* **Data shown**:
━━━━━━━━━━

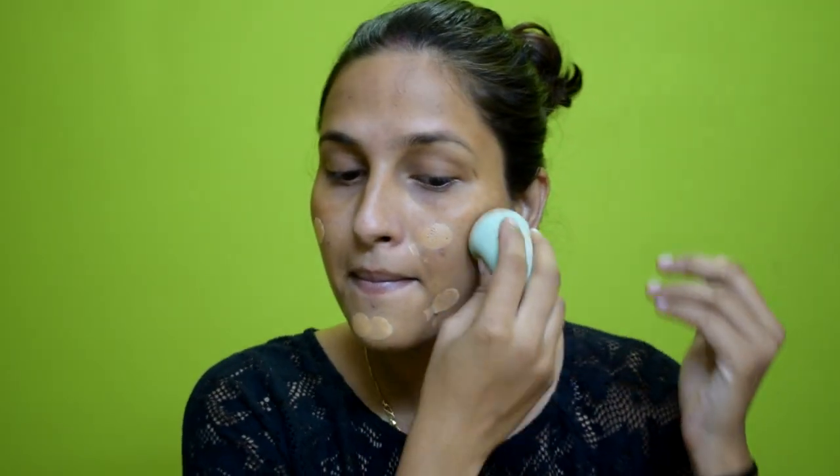So here I am starting my makeup. I have used Biotic Serum and Plum Moisturizer. I will use both on my face. Then I will use a Lakme Vega Primer on my cheeks and forehead.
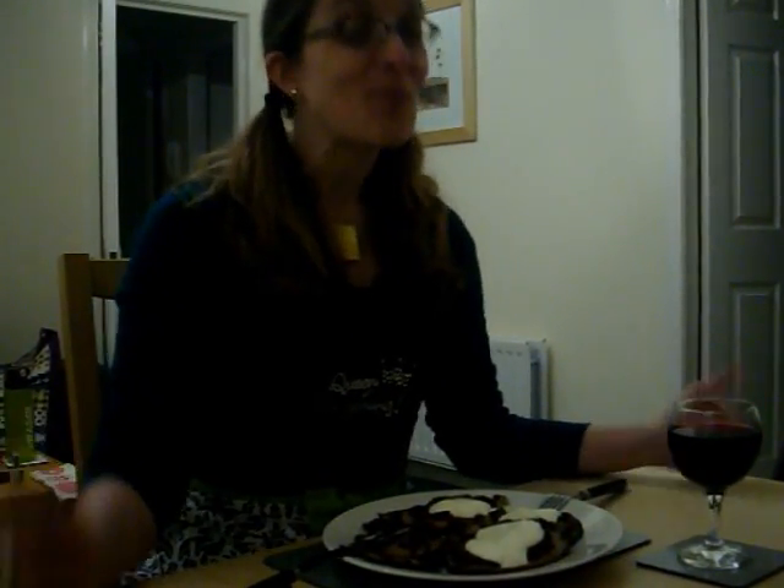And there you go — so that is a bit of cooking with Just Francis. I hope it wasn't too terribly awkward for you to watch, but you could have just turned it off. I hope that you have a fantastic day and happy latke making.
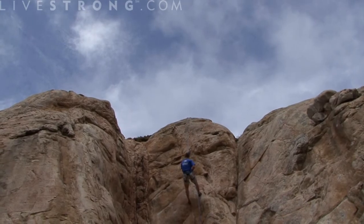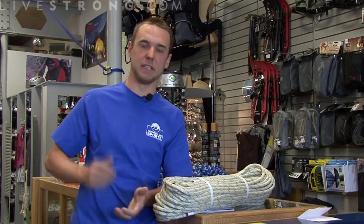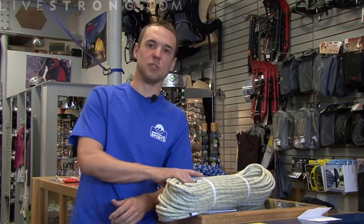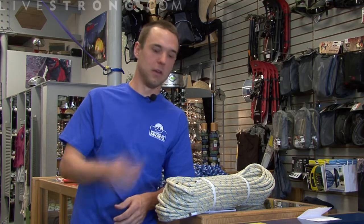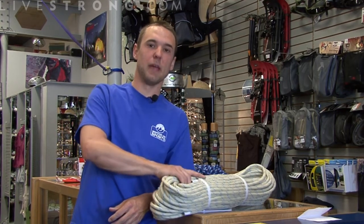Static rope is more durable than dynamic rope. You don't have to worry about whether or not the rope can continue to take a fall. Static rope is usually used under weight already, so you're not taking falls on static rope. Static rope is not to be used in situations where you may be falling.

━━━━━━━━━━

* **Action item**:
Copy the material shown above in full and exactly. Skip the pictures.

* **Response area**:
So here I am starting my makeup. I have used Biotic Serum and Plum Moisturizer. I will use both on my face. Then I will use a Lakme Vega Primer on my cheeks and forehead.
And there you go — so that is a bit of cooking with Just Francis. I hope it wasn't too terribly awkward for you to watch, but you could have just turned it off. I hope that you have a fantastic day and happy latke making.
Static rope is more durable than dynamic rope. You don't have to worry about whether or not the rope can continue to take a fall. Static rope is usually used under weight already, so you're not taking falls on static rope. Static rope is not to be used in situations where you may be falling.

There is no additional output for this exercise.